Monitoring and Capacity

Each matching subscription adds one queue put per publish. Ten subs on a high-rate topic means ten times disk I/O for persistent messages. Alert on DEST CURDEPTH, not only publisher health. DISPLAY SUBSTATUS shows runtime state for active subs. Remove obsolete subs—orphan subs waste resources and may violate data retention policy if DEST queues fill with regulated data nobody consumes.

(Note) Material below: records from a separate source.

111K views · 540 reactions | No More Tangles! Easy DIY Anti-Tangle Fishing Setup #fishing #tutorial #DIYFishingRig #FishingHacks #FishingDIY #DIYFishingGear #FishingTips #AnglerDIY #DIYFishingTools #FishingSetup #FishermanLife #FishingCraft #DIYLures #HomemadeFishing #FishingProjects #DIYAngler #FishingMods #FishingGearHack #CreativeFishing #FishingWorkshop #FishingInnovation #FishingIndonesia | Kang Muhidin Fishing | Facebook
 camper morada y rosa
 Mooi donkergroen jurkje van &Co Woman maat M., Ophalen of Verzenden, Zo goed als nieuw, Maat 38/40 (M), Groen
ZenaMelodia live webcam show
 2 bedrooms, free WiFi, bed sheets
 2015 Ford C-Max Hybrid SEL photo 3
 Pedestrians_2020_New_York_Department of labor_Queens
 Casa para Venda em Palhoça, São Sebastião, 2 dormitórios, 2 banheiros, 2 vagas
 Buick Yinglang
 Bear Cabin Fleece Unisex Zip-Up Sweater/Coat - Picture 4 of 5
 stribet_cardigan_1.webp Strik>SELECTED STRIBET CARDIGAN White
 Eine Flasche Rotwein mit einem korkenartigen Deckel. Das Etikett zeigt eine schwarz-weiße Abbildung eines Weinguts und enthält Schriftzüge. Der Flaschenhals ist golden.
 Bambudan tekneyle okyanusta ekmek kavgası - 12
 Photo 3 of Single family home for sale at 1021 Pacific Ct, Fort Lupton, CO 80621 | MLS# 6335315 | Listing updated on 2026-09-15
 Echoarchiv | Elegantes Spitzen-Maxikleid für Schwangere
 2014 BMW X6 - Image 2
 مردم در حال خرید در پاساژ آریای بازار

Explain Like I'm Five: Subscriptions

The ice cream truck plays a song (publish). Kids who signed up on the club list (subscription) get a text telling them to come to their driveway (destination queue). Kids not on the list do not get a text. Durable means your name stays on the list even when you are at school; non-durable means they erase your name when you go inside.

Practice Exercises

Exercise 1

Three teams need retail/order/#, retail/customer/#, and retail/order/shipped only. Design three DEFINE SUB commands with DEST queues.

Exercise 2

DEST queue hits MAXDEPTH. What happens to new publications for that subscription?

Exercise 3

Compare operational steps to migrate a subscriber from non-durable to durable without losing the topic pattern.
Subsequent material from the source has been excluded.